Sendo o pólo mais desenvolvido do capitalismo no continente africano, ela é, ao mesmo

tempo, o campo da prática racista mais exacerbada: o apartheid – o racismo erigido em

lei.

A eliminação do racismo não pode ser tarefa imputada prioritariamente à ciência

contemporânea, por mais ilibada que esta se apresente das concepções europocêntricas.

Tarefa eminentemente política, ela vem sendo conduzida pelas próprias vítimas do

racismo, sejam povos colonizados ou neocolonizados da África, Ásia e América ou

minorias oprimidas em qualquer parte do mundo. O combate ao racismo dá-se no interior

da luta social - onde está a sua origem - e não somente nos campos econômicos e

jurídico-político, mas sobretudo, e permanentemente, na instância ideológica através do

processo de descolonização cultural24. Nesse processo se torna necessária a

transformação de aparelhos ideológicos que reproduzem - por determinação de uma

estratégia política superior não apenas o racismo como outras ideologias de dominação,

tais como o machismo, o desenvolvimentismo-consumismo, o burocratismo e outras

formas de autoritarismo. Os exemplos mais evidentes de aparelhos ideológicos a serem

estruturalmente transformados são o sistema de ensino e o de comunicação social. Há

países que passaram por profundas transformações políticas e econômicas (de tipo

socialista, por exemplo) e onde, no entanto, persistem o racismo e outras ideologias de

dominação. Os seus aparelhos ideológicos foram reformados, melhor dizendo,

adequados, mas no fundo mantêm as mesmas estruturas que possuíam no regime

anterior. A persistência e a autonomia relativa das estruturas ideológicas face às de tipo

político e econômico levam à necessidade de uma descolonização cultural profunda. No

caso do racismo, a sua relação biológica - a cor da pele, por exemplo - acarreta uma

marca indelével que impede a escamoteação do conflito racial.
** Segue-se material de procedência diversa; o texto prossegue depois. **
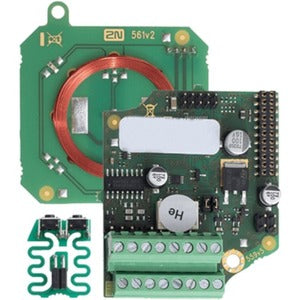 2N Secured Card Reader NFC Ready 13.56MHz - PEGASUSS 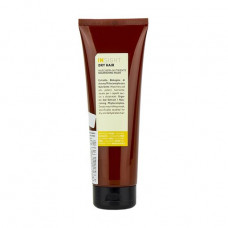 Musk nutritious Insight Dry Hair Nourishing Mask for dry hair, 250 ml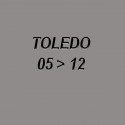 TOLEDO 2005-2012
2.2. Características da atitude racista

Considerado como um conjunto de condutas, de reflexos adquiridos, exercidos

desde a primeira infância através da família, da escola e da prática social em geral, o

racismo, segundo Memmi, “está tão espontaneamente incorporado aos gestos, às

palavras, mesmo as mais banais, que parece constituir uma das mais sólidas estruturas

da personalidade colonialista”25. Ele se torna indispensável ao colonizador para explicar e

justificar a exploração não só ao colonizado como também a si mesmo, devido à

necessidade de se tranqüilizar moralmente. É indispensável, acima de tudo, para manter

o sistema de exploração e, nele, o seu lugar de privilégio. Nos “pequenos brancos” a

atitude racista é freqüentemente mais exacerbada, porque esse lugar de privilégio pode,

em certas situações, correr o risco de, na competição econômica, ser dividido com certas

camadas autóctones.

Para analisar a atitude racista, Memmi destaca nela três elementos importantes:

primeiro, procura-se descobrir e pôr em evidência diferenças reais ou imaginárias entre o

colonizador e o colonizado; depois, valoriza-se essas diferenças em proveito do

colonizador e em detrimento do colonizado; finalmente, essas diferenças são levadas ao

absoluto, isto é, afirma-se que elas são definitivas, e é no sentido de torná-las como tal

que a prática colonial-racista é exercida.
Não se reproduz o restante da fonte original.